Pictures in the listing below are skipped, while the lines from the "Portable Baby Changing" line through the "精品紫砂兰花专用盆带托盘高束腰六方刻绘室内手工陶瓷盆栽兰草盆" line are returned word for word.

------ Source records ------

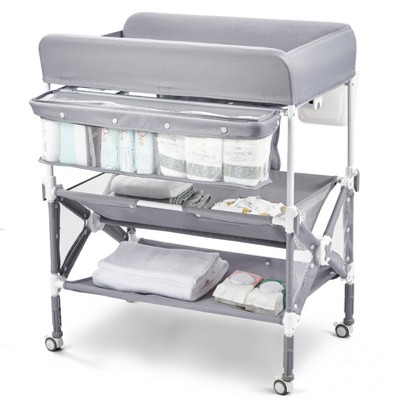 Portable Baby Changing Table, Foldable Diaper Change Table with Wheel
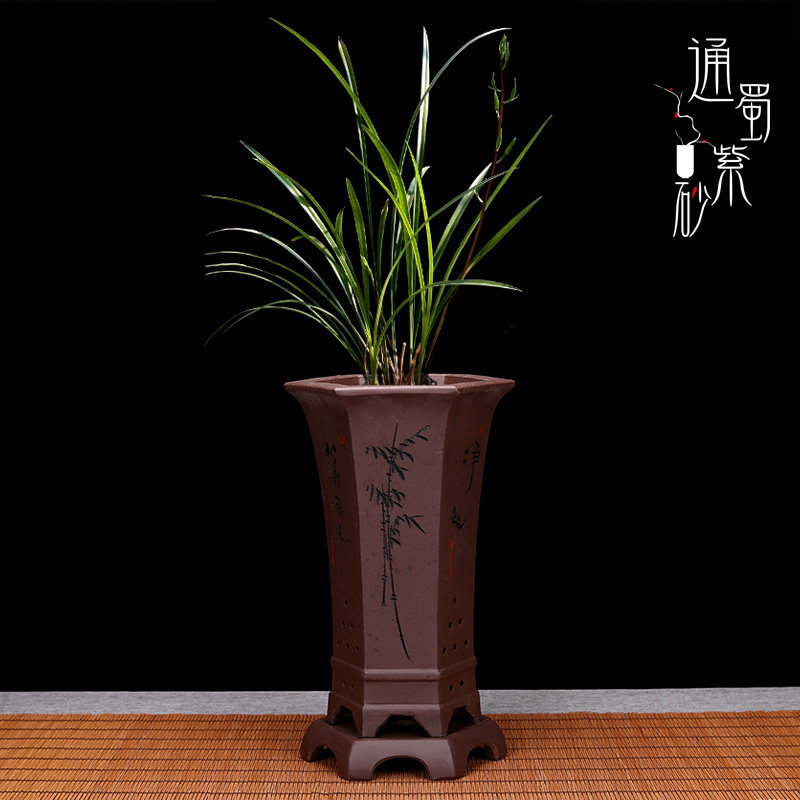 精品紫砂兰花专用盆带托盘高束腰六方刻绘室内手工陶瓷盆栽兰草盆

------
------ Source records ------

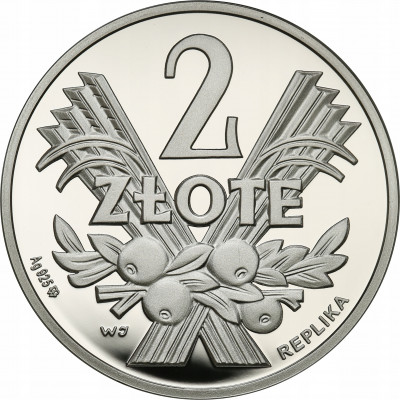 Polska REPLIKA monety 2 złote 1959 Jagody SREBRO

------

▶ Response to the task
 Portable Baby Changing Table, Foldable Diaper Change Table with Wheel
 精品紫砂兰花专用盆带托盘高束腰六方刻绘室内手工陶瓷盆栽兰草盆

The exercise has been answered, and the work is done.